However, given the daily whiplash created by the financial markets (first it’s up, then it’s down) I see 2013 as a year to clean up your financial house and get your family poised to take advantage of the slow paced market recovery. Here are the Top 5 financial moves you can make this year:

  1. Shore up your Emergency Fund and make sure you are earning at least 0.75% interest. Do not let your cash sit in your savings account earning 0.1-0.25% interest. If you have a well funded Emergency Fund to cover 6-8 month’s worth of expenses, you are missing out on $500+ in interest income each year. Check out Capital One 360 (0.75%), American Express Savings (0.85%), and Ally Bank (0.9%). Directly link your high yield savings account to your checking account. Keeping a large amount in your everyday checking or savings account can result in spending more than you should.
  2. Pay Attention to your Retirement Accounts. Consolidate all your old retirement accounts that you have ignored for years into a Rollover IRA. Go with a low-cost provider like Schwab, E*Trade or Vanguard. Invest the cash in a well-diversified array of low-cost Exchange Traded Funds like: Schwab US Large Cap (SCHX), iShares Mid Cap ETF (IJH), iShares Small Cap ETF (IJR), and Pimco Total Return ETF (BOND). Since retirement investing has a long time horizon, International and Emerging Markets has a place in your portfolio as well. I like Wisdom Tree Emerging Markets Equity (DEM).  Also, do not ignore your current retirement plan at work. You should know how much is in your account and where it is invested.

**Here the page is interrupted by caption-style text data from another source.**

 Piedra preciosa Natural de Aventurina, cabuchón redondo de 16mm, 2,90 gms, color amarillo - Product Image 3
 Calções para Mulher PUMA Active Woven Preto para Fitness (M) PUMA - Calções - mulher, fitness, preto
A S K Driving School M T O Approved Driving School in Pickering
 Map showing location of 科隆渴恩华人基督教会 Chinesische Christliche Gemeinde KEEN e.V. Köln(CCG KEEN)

  3. Make sure you are maximizing your pre-tax contribution to your 401(k), 403(b) or 457 at $17,500 (for 2013). Do not miss out on the opportunity to maximize pre-tax contributions to your employer sponsored retirement plan. Each individual can contribute $17,500. Any employer contributions are made on top of your contribution and do not count towards the $17,500 limit.  Retirement is your largest financial goal, so do not skimp here!
  4. Take control of your cash flow.  You should know how much you spend each month. On average in the Bay Area, a family that owns a home and has children in childcare spends $12,000 per month.  How much do you spend? Managing your cash flow and living within your means is how you achieve your financial goals and accumulate wealth.

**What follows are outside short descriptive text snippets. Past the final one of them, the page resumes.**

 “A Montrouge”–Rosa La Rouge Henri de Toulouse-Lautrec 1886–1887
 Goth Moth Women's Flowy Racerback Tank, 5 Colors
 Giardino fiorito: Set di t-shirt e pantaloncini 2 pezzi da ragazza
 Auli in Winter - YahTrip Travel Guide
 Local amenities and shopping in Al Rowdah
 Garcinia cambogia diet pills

  5. Learn about investing. The #1 action you can take is to understand the fundamentals of investing. This will give you a basic understanding of why you invest differently depending on your financial goals (e.g. Emergency Fund versus College Savings). Building wealth takes patience and an understanding of your money. Check out CNN Money 101. With 23 helpful lessons and quizzes, you will gain knowledge that will help you for a lifetime.

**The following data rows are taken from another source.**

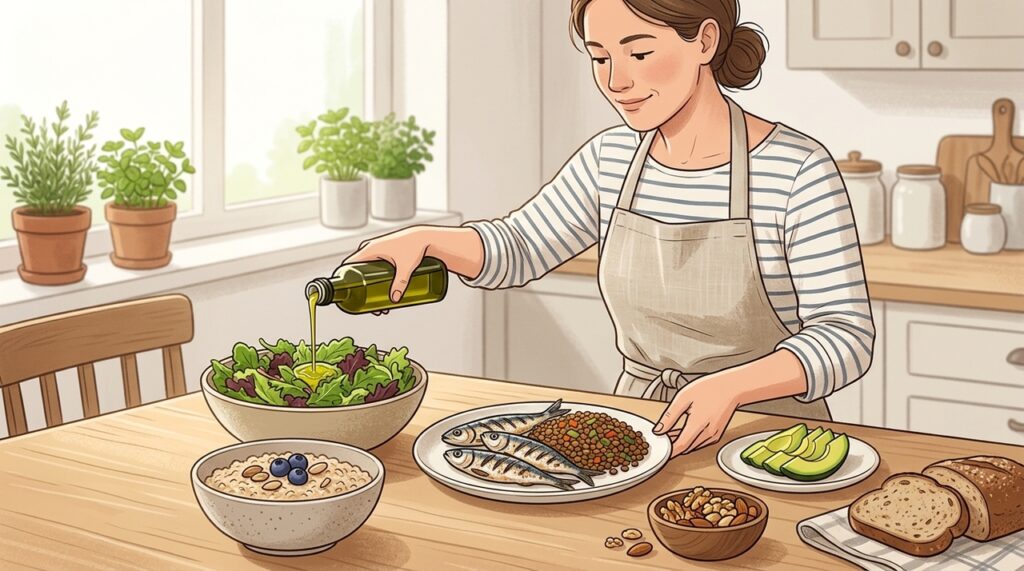 Diez alimentos que ayudan a cuidar la salud del corazón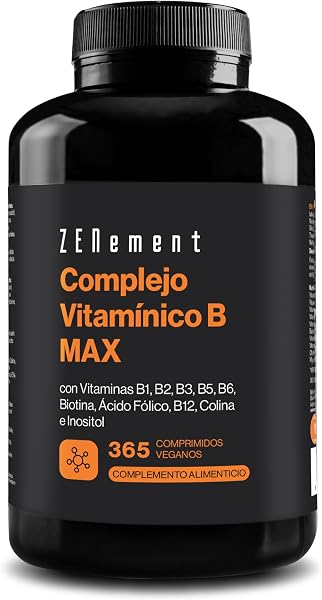 Complejo de Vitamina B con Colina e Inositol 365 tabletas
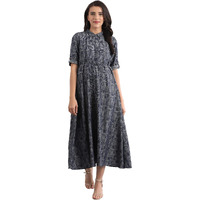 W For Woman Cotton A-Line Dress (20Fea11420-700998_Blue_Small)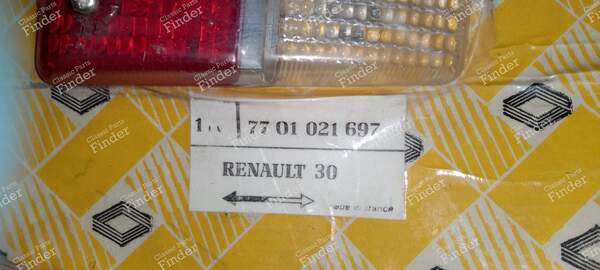 Lentille de feu arrière gauche - RENAULT 20 / 30 (R20 / R30) - 7701021697- 1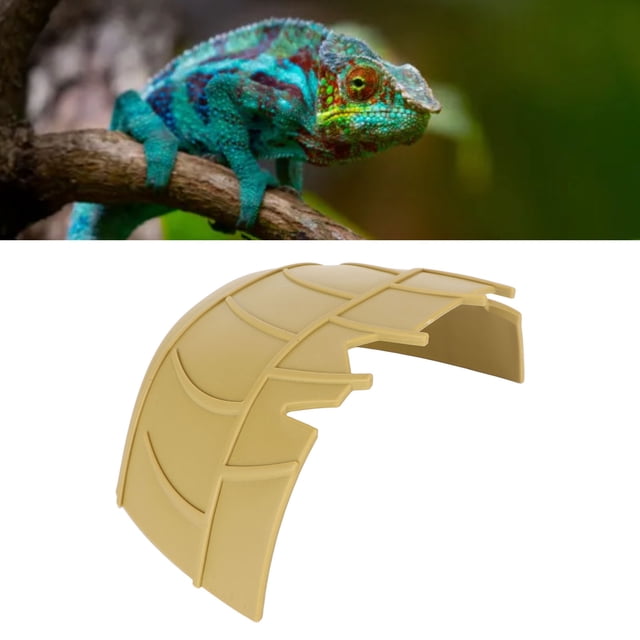 Decorative Reptile Cave Hideout for Reptiles, Spiders, Scorpions, Frogs, Geckos - Durable Plastic Decor, Humidification & Breeding Spot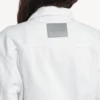 Giacca classica squadrata da donna “Wings” in bianco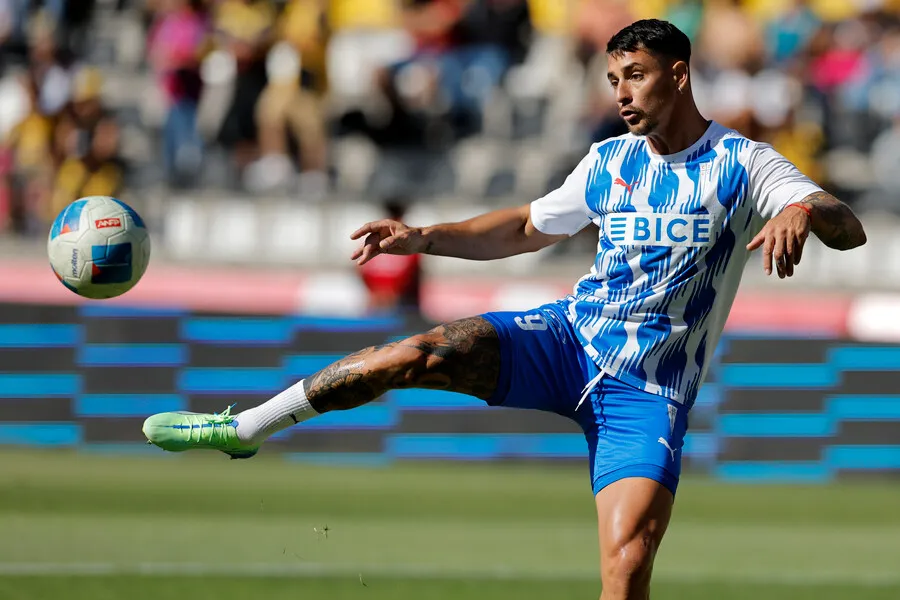 Ante Coquimbo Unido, Zampedri disputó su primer partido como chileno (Photosport)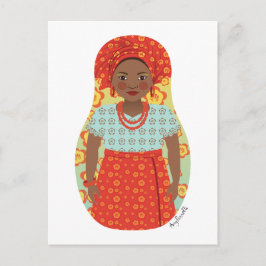 Zuid-Nigeriaans Matryoshka-Briefkaart Briefkaart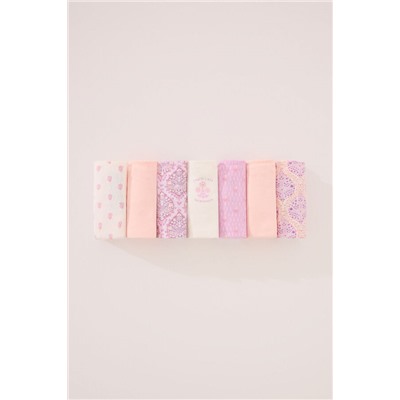 Pack 7 tangas algodón tonos rosas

The optimist in me sees 2013 as an opportunity to put your money to work and reap the benefits of compounding over the long-term; the realist in me thinks there will be very little meaningful gains in the short-term and to expect little value creation this year.

Katy Song, CFP, focuses on comprehensive financial planning for families with young children and couples starting their lives together. You can contact Katy at katy@katysong.com , visit her website katysong.com, or follow her on twitter @katydavissong. She lives in Mill Valley with her husband, 5 ½ year old daughter and two year old son.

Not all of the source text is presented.